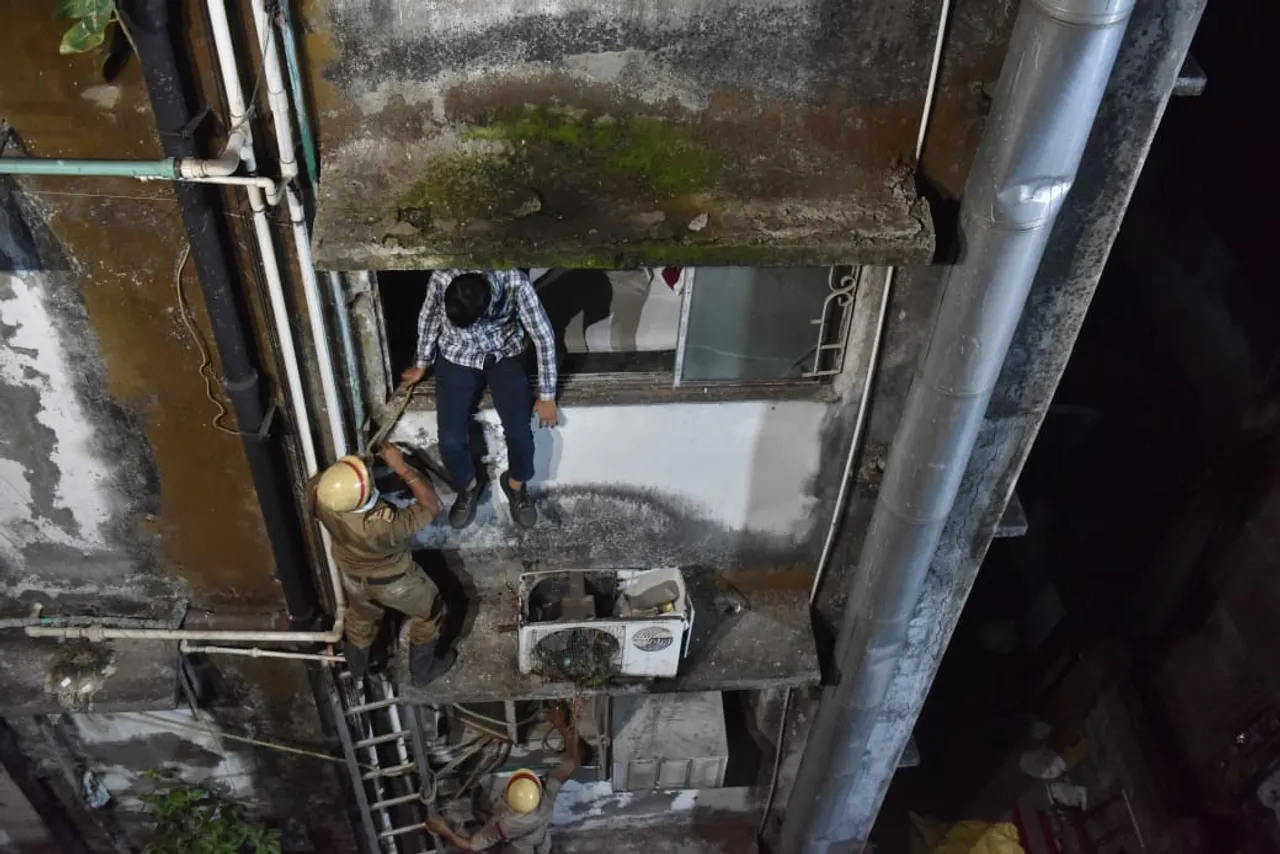 Kolkata hotel fire, Kolkata fire tragedy, Mechhua Fruit Market fire,fire,Kolkata fire death toll,Barabazar Fire, ঋতুরাজ হোটেল দুর্ঘটনা,বড়বাজারে মৃতদের তালিকা,মেছুয়া ফলপট্টি অগ্নিকাণ্ড,Victims of Kolkata fire,কলকাতার হোটেলে আগুন, বড়বাজারে হোটেলে আগুন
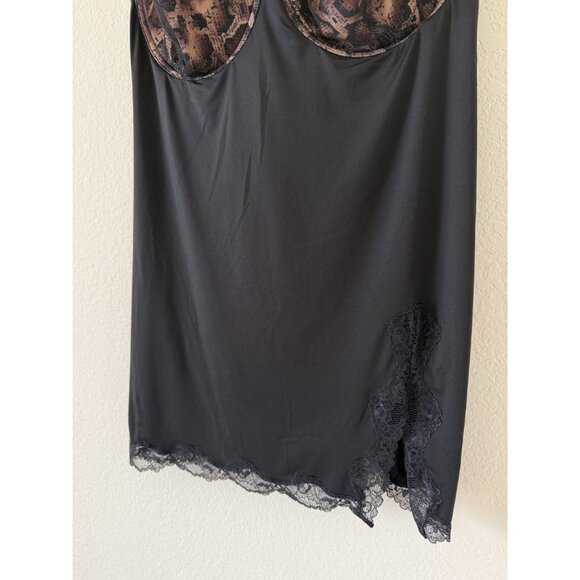 Cacique Women's Plus Size Adjustable Black Lace Slip Lingerie Size 44DD - Picture 3 of 7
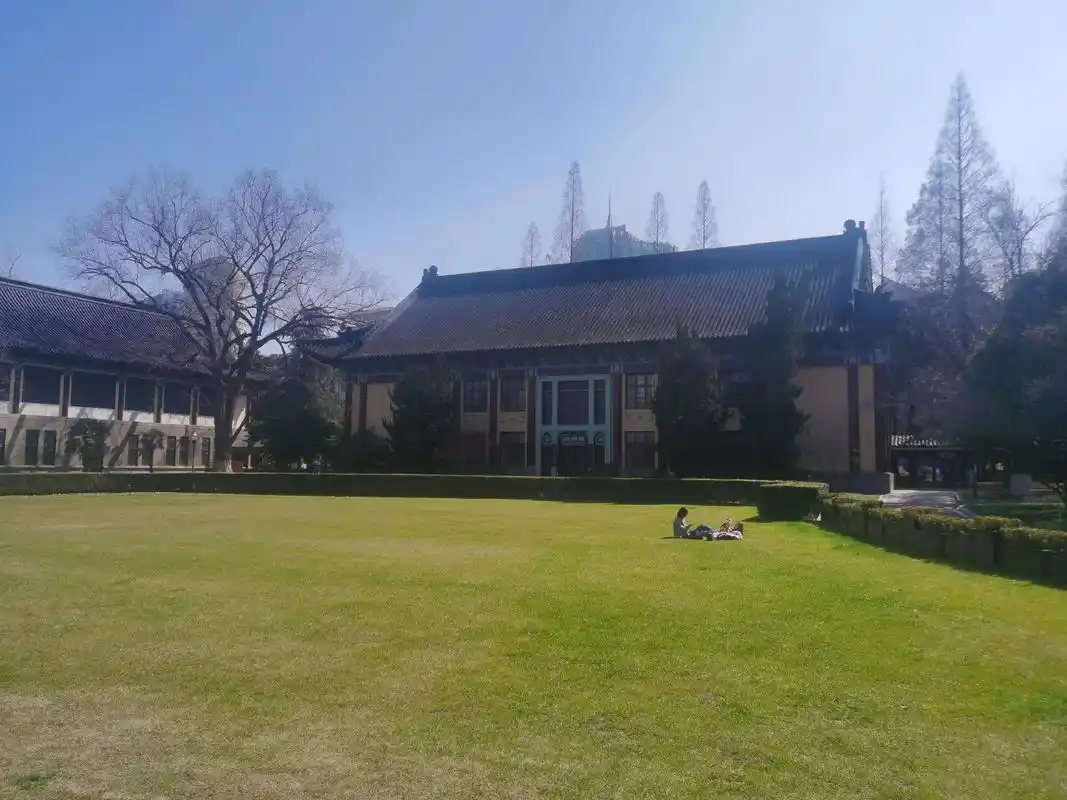 有幸瞻仰"东方最美校园"南师大随园校区.#南京师范大学 #南 - 抖音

YOUR INSTRUCTIONS | Your task is to quote exactly the lines from the one with "Cacique Women's Plus" through the end of the material, both included, without reproducing any pictures.

SOLUTION |
 Cacique Women's Plus Size Adjustable Black Lace Slip Lingerie Size 44DD - Picture 3 of 7
 有幸瞻仰"东方最美校园"南师大随园校区.#南京师范大学 #南 - 抖音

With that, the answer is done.